[PATCH] knfsd: close a race-opportunity in d_splice_alias

There is a possible race in d_splice_alias.  Though __d_find_alias(inode, 1)
will only return a dentry with DCACHE_DISCONNECTED set, it is possible for it
to get cleared before the BUG_ON, and it is is not possible to lock against
that.

There are a couple of problems here.  Firstly, the code doesn't match the
comment.  The comment describes a 'disconnected' dentry as being IS_ROOT as
well as DCACHE_DISCONNECTED, however there is not testing of IS_ROOT anythere.

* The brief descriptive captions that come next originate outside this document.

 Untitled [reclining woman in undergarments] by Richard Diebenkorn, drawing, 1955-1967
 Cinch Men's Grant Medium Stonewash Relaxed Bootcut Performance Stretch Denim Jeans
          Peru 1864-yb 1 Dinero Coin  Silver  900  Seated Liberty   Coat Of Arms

A dentry is marked DCACHE_DISCONNECTED when allocated with d_alloc_anon, and
remains DCACHE_DISCONNECTED while a path is built up towards the root.  So a
dentry can have a valid name and a valid parent and even grandparent, but will
still be DCACHE_DISCONNECTED until a path to the root is created.  Once the
path to the root is complete, everything in the path gets DCACHE_DISCONNECTED
cleared.  So the fact that DCACHE_DISCONNECTED isn't enough to say that a
dentry is free to be spliced in with a given name.  This can only be allowed
if the dentry does not yet have a name, so the IS_ROOT test is needed too.

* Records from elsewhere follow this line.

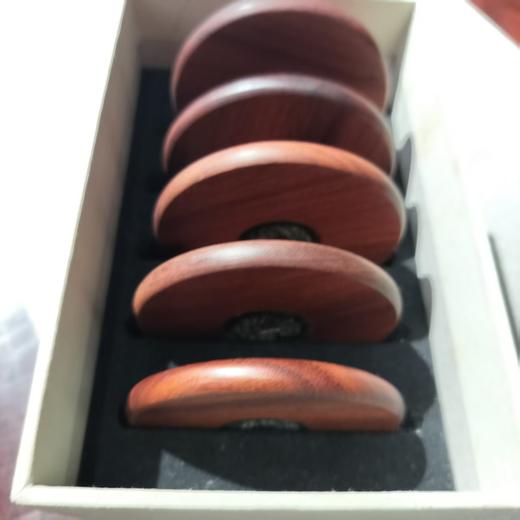 五帝钱杯垫套装6个/酸枝/7*7cm 商品图0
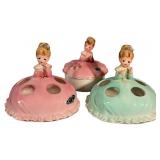 (3) Vintage Josef Originals Ceramic Holders,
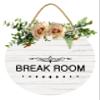 KPSheng Rustic Break Room Sign Hanging Printed Wooden Plaque Decor Funny Farmhouse Wood Decor Sign Outside Door Hanging Decorations,12In view 1
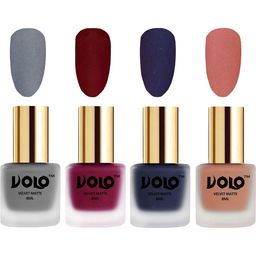 VOLO Set Of 4 Velvet Matte Nail Polish- 8 ml Each- Shade- 20- 25- 31- 38-53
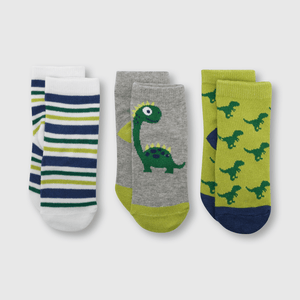 Medias de niño 3 pack dinosaurio gris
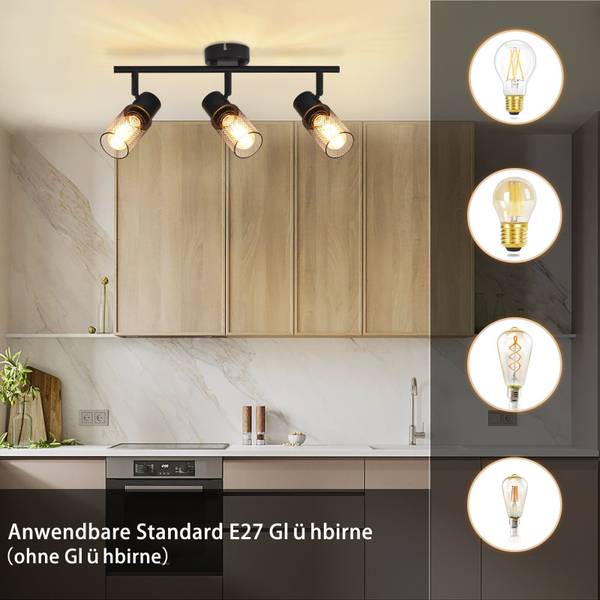 Plafonnier Käfig 3 ampoules Noir - Métal - 16 x 21 x 48 cm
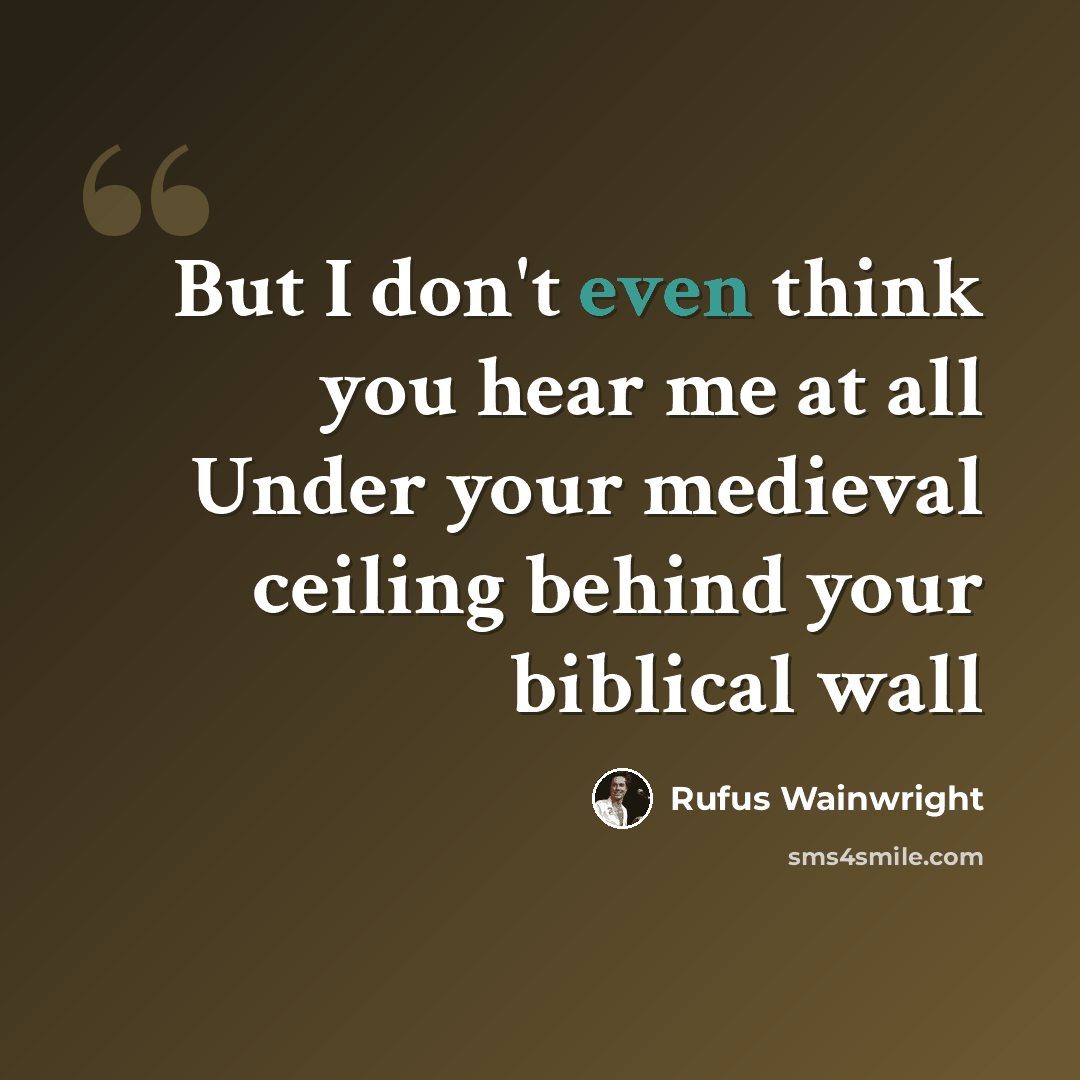 “But I don't even think you hear me at all Under your medieval ceiling behind your biblical wall” quote by Rufus Wainwright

However even adding that test to __d_find_alias isn't enough.  As
d_splice_alias drops dcache_lock before calling d_move to perform the splice,
it could race with another thread calling d_splice_alias to splice the inode
in with a different name in a different part of the tree (in the case where a
file has hard links).  So that splicing code is only really safe for
directories (as we know that directories only have one link).  For
directories, the caller of d_splice_alias will be holding i_mutex on the
(unique) parent so there is no room for a race.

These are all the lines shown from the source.